Quant aux Illuminati, il fallait bien regarder de quoi ils retournent aujourd’hui. Jacinthe Mazzocchetti traite  à ce propos  de «théories conspirationistes et du  mythe Illuminati », à travers une enquête qu’elle a effectuée dans les quartiers précarisés de Bruxelles. Le fait qu’elle commence par avouer ne pas être spécialiste de cette question rend encore plus fort  l’évidence qu’elle ait été happée par un discours constant. En allant peut-être au delà de la pensée de l’auteure, nous soulignerons que la qualité de son analyse des phénomènes de relégation sociale et géographique et de discrimination scolaire, de la carence des politiques publiques, des dénis de maître, de l’expérimentation de la violence, pour reprendre quelques têtes de chapitre, font du mythe Illuminati « le cœur d’un monde sans cœur, l’esprit d’une époque sans esprit, l’opium du peuple ». Jacinthe Mazzocchetti, montre quelle vision conspirationniste du monde préfabriquée peut être adoptée sur un fond de colère et d’anxiété.

Jean-Philippe Schreiber apporte sa pierre à l’édifice qu’il a construit en réussissant à montrer une continuité : « le complot des juifs et des francs-maçons : une réappropriation islamique de l’imaginaire chrétien du XIXème siècle. » Il part d’une fatwa décrétée contre la maçonnerie par l’organisation de la conférence islamique présidée par le roi Fayçal d’Arabie en 1978. Il montre que ce sont les chrétiens d’orient qui ont servi de transmetteurs de ce qui s’était constitué chez les catholiques romains comme hostilité antimaçonnique,  encycliques à l’appui. Les arguments s’appuient sur le secret, l’obéissance aveugle du maçon, la solidarité, le caractère anti religieux et révolutionnaire, le lien avec le judaïsme, l’existence de Supérieurs Inconnus, le caractère ismaélien, du nom d’une variante honnie de l’Islam. En un mot : la maçonnerie serait une hérésie.

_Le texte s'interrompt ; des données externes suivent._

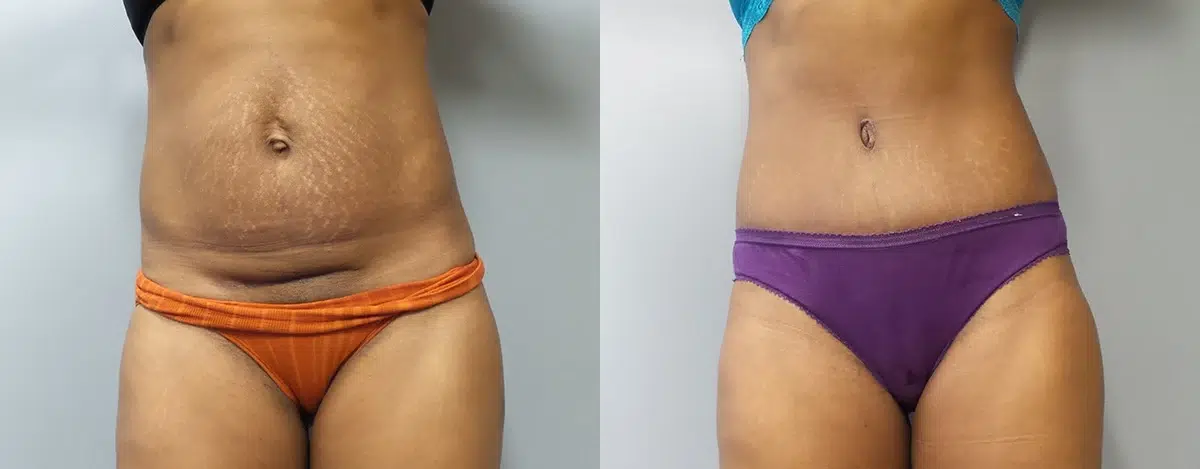 tummy tuck abdominoplasty before and after photo by main line institute of plastic surgery in wynnewood pa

Valérie Assan illustre la variété des approches de cet ouvrage en étudiant ce que fut le passage de l’antisémitisme judéo-maçonnisme dans ce qu’elle nomme « les métamorphoses du complotisme dans l’Algérie coloniale.». Valérie Assan explique que malgré le rôle de Drumont, député d’Alger de 1898 à 1902, dans la diffusion de idées d’extrême droite, le discours complotiste eut du mal à s’imposer en Algérie. Quant à la période contemporaine, la permanence de l’idée d’un complot est à relier à l’imaginaire arabe dans le conflit avec Israël.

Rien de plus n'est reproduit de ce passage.